◆ **WHAT THE TASK REQUIRES**: Among the entries below, which lines run from the line with "en el poste." through the line with "2019-caterpillar-d7e-lgp-image-52"? Retype those, both ends included, exactly and without pictures.

◆ **EXERCISE MATERIAL**:
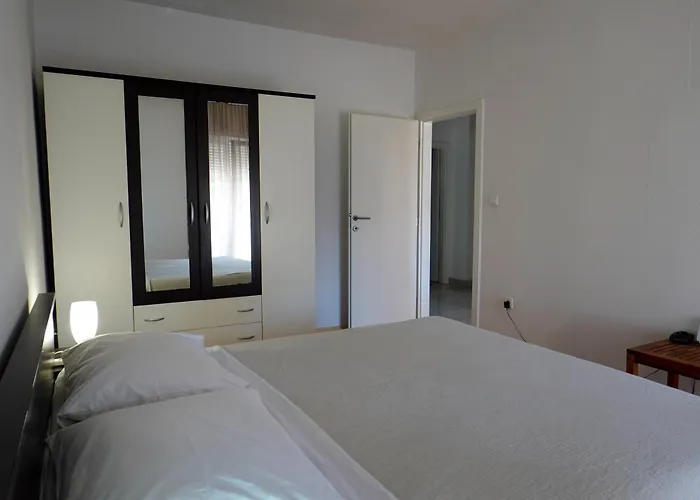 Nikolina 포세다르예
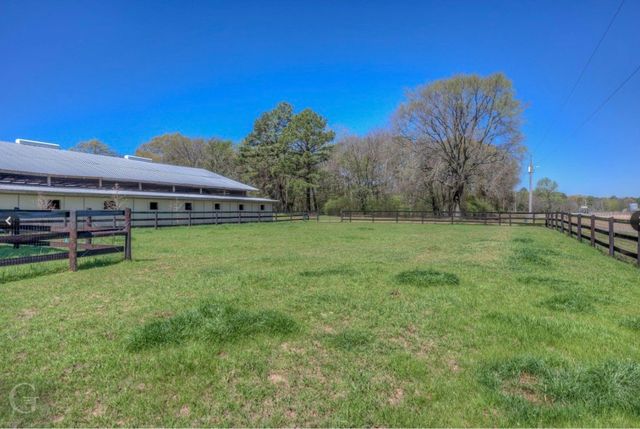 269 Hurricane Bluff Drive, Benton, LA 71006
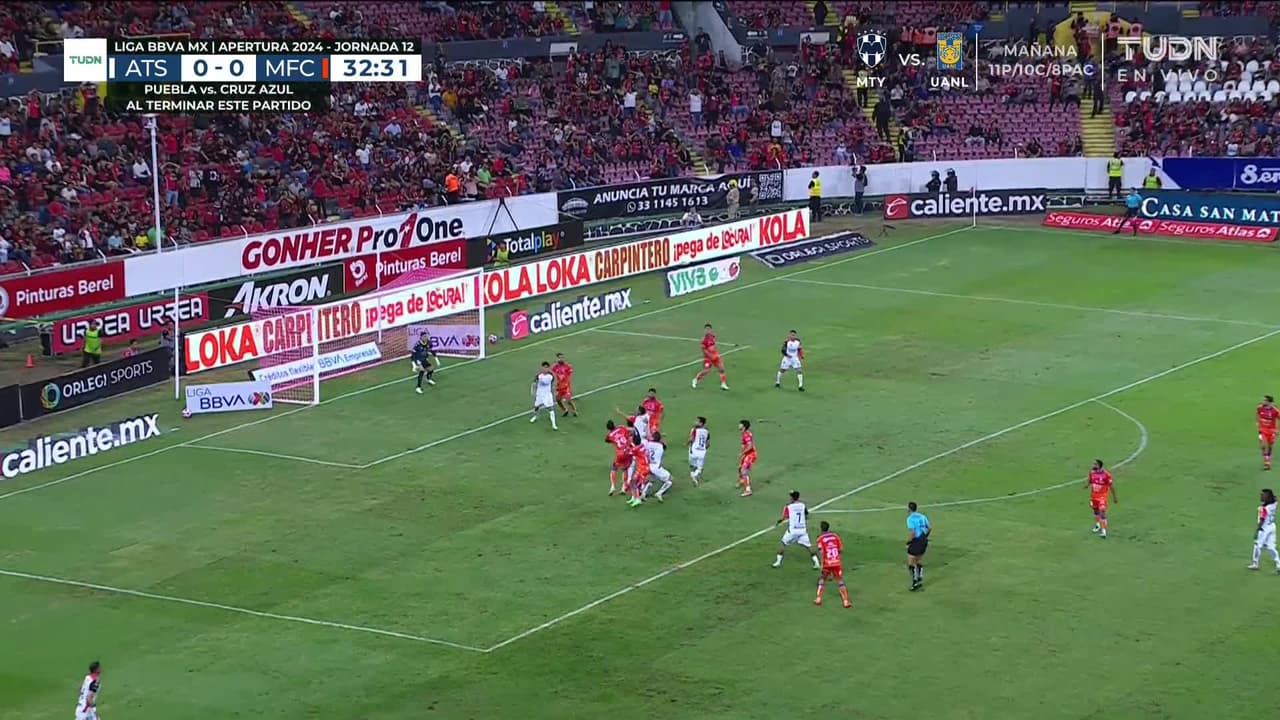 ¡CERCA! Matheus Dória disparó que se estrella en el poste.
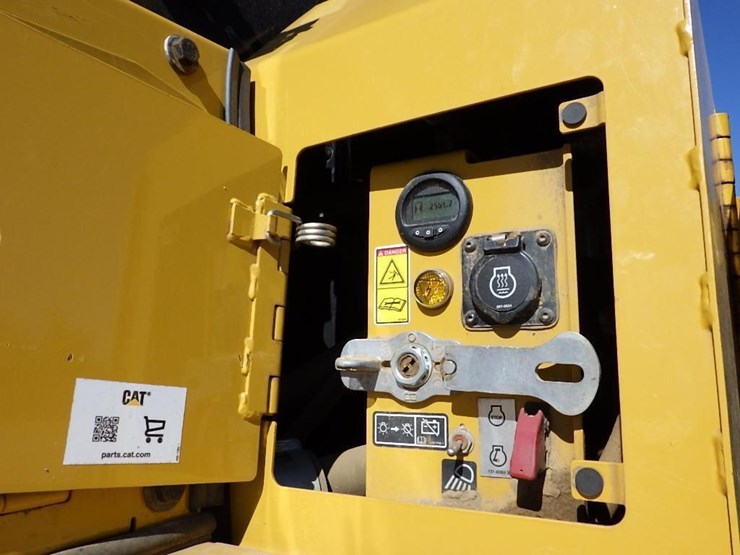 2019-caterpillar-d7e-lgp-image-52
* * *
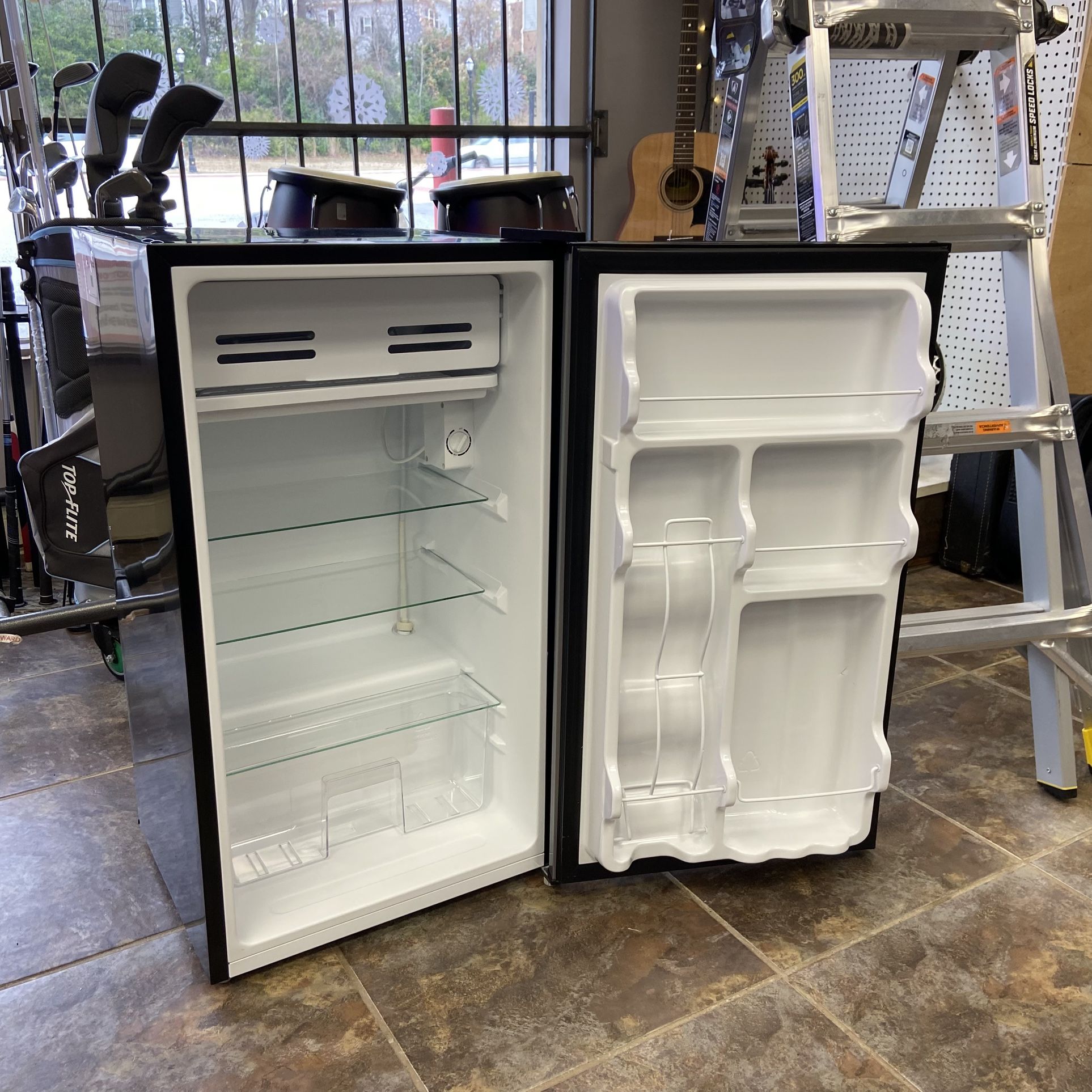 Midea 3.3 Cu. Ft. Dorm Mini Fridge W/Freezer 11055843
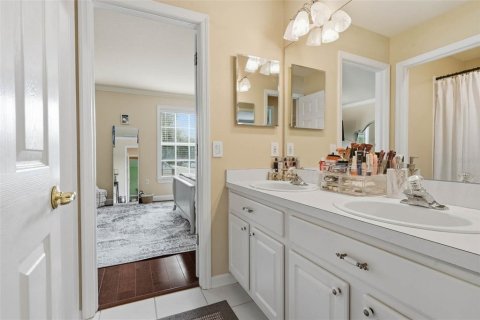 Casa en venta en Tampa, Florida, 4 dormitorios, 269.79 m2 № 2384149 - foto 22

◆ **WRITTEN RESPONSE**:
 ¡CERCA! Matheus Dória disparó que se estrella en el poste.
 2019-caterpillar-d7e-lgp-image-52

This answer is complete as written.